Kegiatan hari pertama diawali Pembukaan oleh Direktur Eksekutif Karsa Institute yang diwakili Direktur Program, Edy Wicaksono dilanjutkan dengan pemaparan materi dari Dinas PMD kabupaten Sigi, Dinas Sosial Kabupaten Sigi, Dinas Pemberdayaan Perempuan dan Perlindungan Anak Kabupaten Sigi dan dari Akademisi Universitas Tadulako Palu.
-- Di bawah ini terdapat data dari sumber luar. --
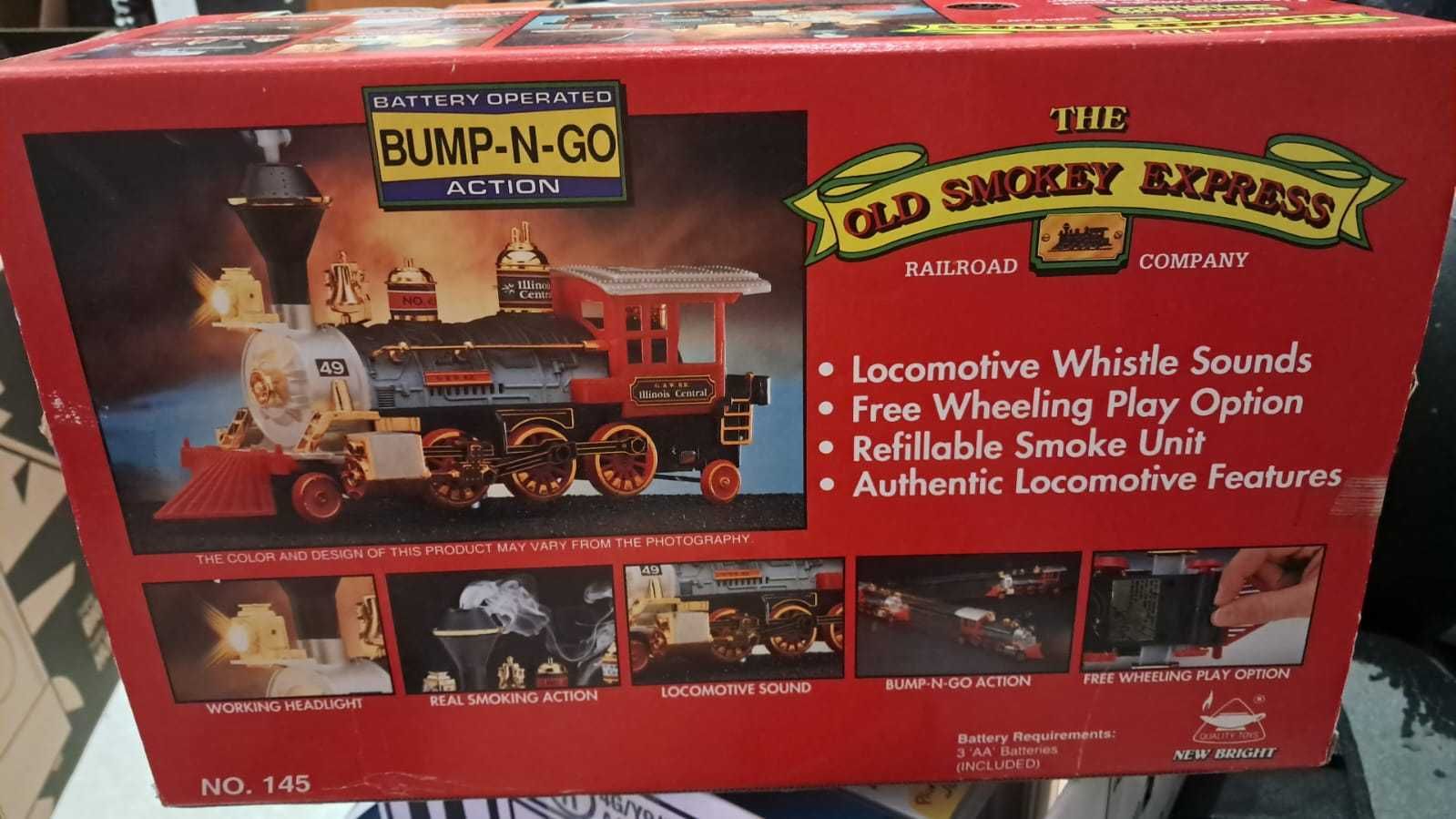 Locomotiva Antiga Old Smokey Express - New Bright - Anos 90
Hari kedua dilanjutkan dengan lokakarya dan perumusan rencana aksi kolaborasi, perumusan rencana aksi kebijakan anggaran, diskusi kelompok, pleno hasil dan rekomendasi dan diakhiri dengan penyusunan rencana tindak lanjut pelaksanaan kegiatan penguatan kapasitas pemerintah desa, forum perempuan, kader dan kelompok marginal tentang pengarusutamaan GEDSI yang terintegrasi dengan program dan kebijakan pemerintah daerah. *Ijal/Yusak.